Felaketler birbirini kovalamaya başladı. 1911’de İtalyanlar eski bir Osmanlı toprağı olan Trablusgarb’a (Libya’ya) saldırdılar. İttihatçıların hain Sadrazamı İbrahim Hakkı Paşa burasını adeta işgale amade bir hale getirmişti. Oradaki askeri Yemen’e sevk etmiş, askeri vali ve kumandanı da bir bahaneyle İstanbul’a celb etmişti. Halbuki kendisi, Roma büyükelçiliğinden sadrazamlığa intikal etmiş bulunuyordu. İtalyanlar’ın niyetlerini, herkesden iyi bilmesi gerekirdi. Ancak bütün bunlar bir tarafa, Trablusgarb çıkarması hakkındaki İtalyan ültimatomu kendisine ulaştığında dahi Osmanlı ordusunda müşavir olarak çalışmakta bulunan İtalyan asıllı Robilan ile “biriç” oynamaktaydı. Arzedilen ültimatomu: “Şuraya koyun; oyunum bitsin!..” diyerek saatler sonra açmak gibi bir gaflet ve ihanet göstermişti.

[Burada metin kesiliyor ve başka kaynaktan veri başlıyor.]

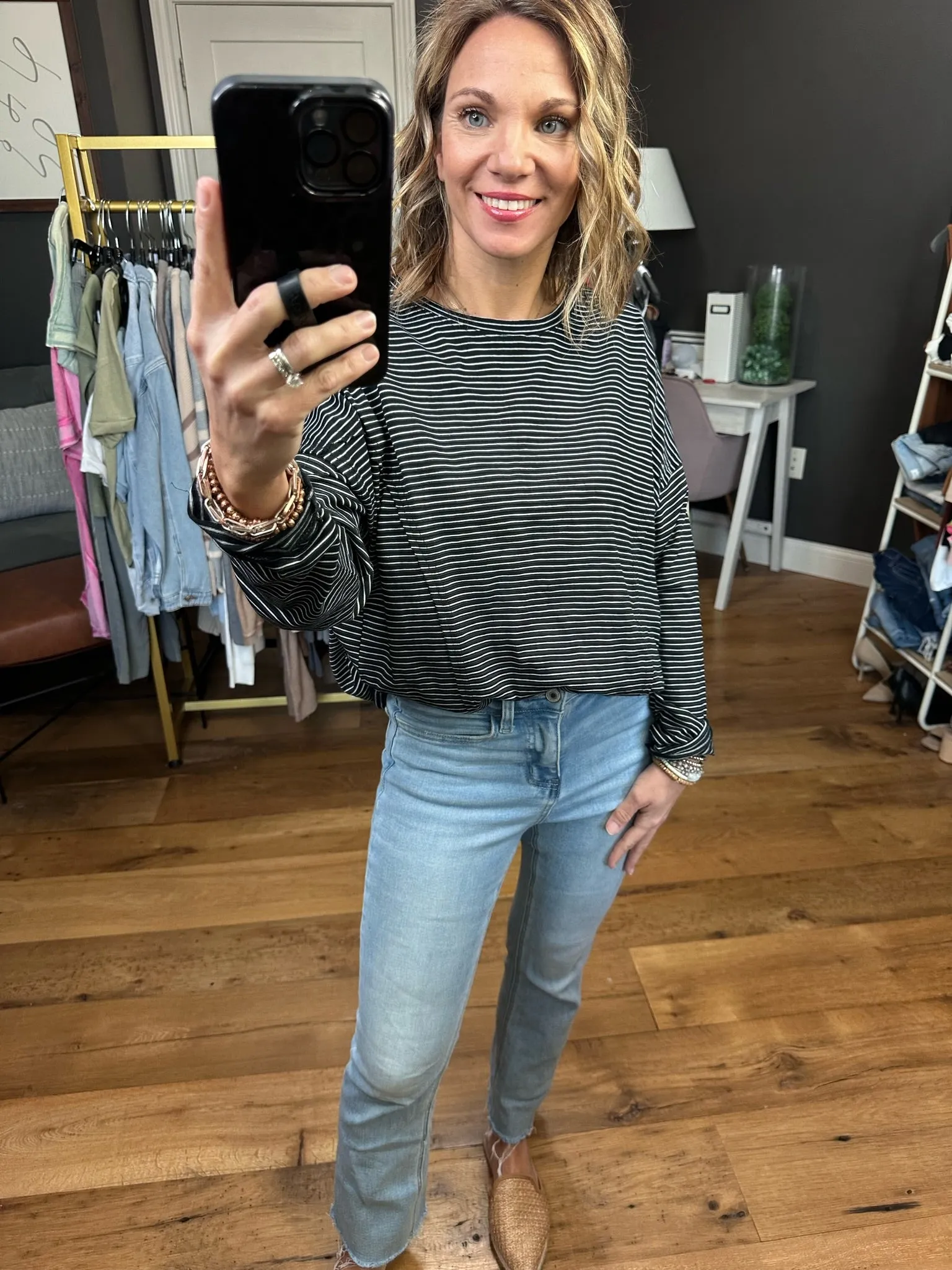 Right Appearance Striped Long Sleeve Top - Black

İttihat ve Terakki hükumetinin gaflet ve cehaletleri, bununla da bitmedi. Trablusgarb’daki mahalli mukavemet devam ederken Balkan Harbi çıktı. Ordunun hiçbir ciddi hazırlığı ve istihbaratı yoktu. Düşmanın süratle ilerlemesi karşısında Selanik’i tehlikede gören İttihat ve Terakki hükumeti, Sultan Abdülhamit’i oradan İstanbul’a nakletmek teşebbüsünde bulundu. Sultan Abdülhamit, ne sebeple İstanbul’a nakledilmek istendiğini sorunca, kendisine karşı karşıya bulundukları askeri tehlike nakledilerek, düşmanın Selanik’e yaklaşmakta olduğu bildirildi. Padişah’ın dış dünya ile yıllardan beri bütün alâkası kesilmiş bulunduğundan olup bitenlerden haberi yoktu. Durumu öğrenince dehşete kapıldı ve: “Galiba siz kiliseler meselesini hallettiniz!..” diye hicranla haykırdı. Ardından bunu kendisine haber veren Rasim Beye büyük bir öfke ile: “Rasim Bey! Rasim Bey!.. Selanik demek, İstanbul’un anahtarı demektir! Ordumuz nerede, askerimiz nerede?.. Ecdad kanlarıyla sulanan bu toprakları nasıl terk ederiz? Biz buraları bırakıp gidersek, tarih ve ecdad bizim yüzümüze tükürmez mi?.. Biraderim Hazretleri, buranın tahliyesine razı mı oldular? Nasıl olur? Hayır, ben razı değilim!.. Yetmiş yaşımda olduğuma bakmayın! Bana bir tüfek verin, asker evladlarımla beraber Selanik’i son nefesime kadar müdafaa edeceğim…” dedi.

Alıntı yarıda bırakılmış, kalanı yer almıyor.